§ Exercise description:
List each line of the data that holds the string "background".

§ Data for this exercise:
----------------

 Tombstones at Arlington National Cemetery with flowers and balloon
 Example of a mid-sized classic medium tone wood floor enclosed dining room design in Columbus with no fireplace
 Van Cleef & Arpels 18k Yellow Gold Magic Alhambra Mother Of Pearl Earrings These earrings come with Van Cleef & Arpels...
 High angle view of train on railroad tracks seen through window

----------------

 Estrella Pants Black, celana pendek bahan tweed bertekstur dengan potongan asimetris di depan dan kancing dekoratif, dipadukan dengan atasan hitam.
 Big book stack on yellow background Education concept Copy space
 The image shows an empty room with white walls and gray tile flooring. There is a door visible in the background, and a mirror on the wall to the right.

----------------

§ Reply to the task:
 Big book stack on yellow background Education concept Copy space
 The image shows an empty room with white walls and gray tile flooring. There is a door visible in the background, and a mirror on the wall to the right.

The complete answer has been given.